Temp stabilized at 165F, or close enough. 













014.JPG



__ noboundaries
__ Jun 7, 2017






Final product after 5 hours on the WSM before trimming fat and cutting into five pieces each.  Oh so good.  I actually did about 1.75 lbs yesterday afternoon and the remainder this morning.  The first batch I did last night was twice what you see below.  Again, no pics of that, sorry.













Final.JPG



__ noboundaries
__ Jun 7, 2017






Wait, here you go.  Here's the bag with last night's batch, minus five pieces that the smoker needed to test. 













With last night's batch.JPG



__ noboundaries
__ Jun 7, 2017


----------



## lancep

That looks excellent Ray! I'm going to have to try that in the Open Range. How is it determined done? And, would other meats work with this recipe? My wife loves jerky for quick snacks but the price of it is usually prohibitive for regular use. So being able to do my own would be swell. Thank you for the recipe. 

Lance


----------



## 88rxna

Following!!
Yummy!
Thanks!


----------



## 88rxna

Sorry but what is cure #1? Have a brand preference?


----------



## noboundaries

Other meats or cuts?  Absolutely.  Lean works best to prevent spoilage.  To quote a survival instructor long ago, "You can make jerky out of any meat."

When is it done?  That's subjective. I like it when I pick up a piece from the thick end and it bends about 30-45 degrees.  I have had unevenly cut roasts that finished at different times in the oven.


----------



## noboundaries

88rxna said:


> Sorry but what is cure #1? Have a brand preference?



Prague Powder #1.  I picked up a pound from Amazon like 3 years ago and still have about 25% remaining. You can make jerky without cure, but not with this recipe.  Cure #1 adds an additional safety factor.












20170607_155928.jpg



__ noboundaries
__ Jun 7, 2017


















20170607_155943.jpg



__ noboundaries
__ Jun 7, 2017


----------



## smokeymose

88rxna said:


> Sorry but what is cure #1? Have a brand preferetnce?



Primarily Sodium Nitrite. It goes by names of Prague Powder or Instacure. It inhibits Botulism in slow heated meat. If you're interested in sausage or jerky, you need to know about it. Cure #2 is Sodium Nitrate, used for long dry curing times.
Personally, I would recommend Prague Powder simply because it is made here in Indiana :-)


----------



## pc farmer

Thanks for this recipe.

I need some jerky and this sounds great.


----------



## noboundaries

c farmer said:


> Thanks for this recipe.
> 
> I need some jerky and this sounds great.

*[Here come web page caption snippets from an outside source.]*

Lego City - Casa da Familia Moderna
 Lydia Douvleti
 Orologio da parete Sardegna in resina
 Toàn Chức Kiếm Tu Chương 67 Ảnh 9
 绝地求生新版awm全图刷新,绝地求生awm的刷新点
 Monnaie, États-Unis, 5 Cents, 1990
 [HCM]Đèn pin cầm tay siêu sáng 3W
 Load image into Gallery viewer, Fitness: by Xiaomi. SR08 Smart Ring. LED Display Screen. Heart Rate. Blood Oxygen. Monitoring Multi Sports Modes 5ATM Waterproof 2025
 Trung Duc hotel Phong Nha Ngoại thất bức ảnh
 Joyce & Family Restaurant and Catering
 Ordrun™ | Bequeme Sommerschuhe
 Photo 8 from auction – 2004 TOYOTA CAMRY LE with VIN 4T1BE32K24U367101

You're welcome, Adam.  Thanks for the points.  I hope you like it, or that it gives you some ideas.


----------



## SmokinAl

Excellent job Ray!

I never thought of using the WSM for jerky.

I always use my MES with an AMNPS.

Gonna give this a try, I have a Guru, so it should be easy!

Point!

Al


----------



## dirtsailor2003

Looks tasty! I'm going to need to make some soon. Starting to run low!


----------



## noboundaries

SmokinAl said:


> Excellent job Ray!
> 
> I never thought of using the WSM for jerky.
> 
> I always use my MES with an AMNPS.
> 
> Gonna give this a try, I have a Guru, so it should be easy!
> 
> Point!
> 
> Al


Al, thanks for the points!  Jerky is a good reason to dust off the WSM.


----------



## noboundaries

dirtsailor2003 said:


> Looks tasty! I'm going to need to make some soon. Starting to run low!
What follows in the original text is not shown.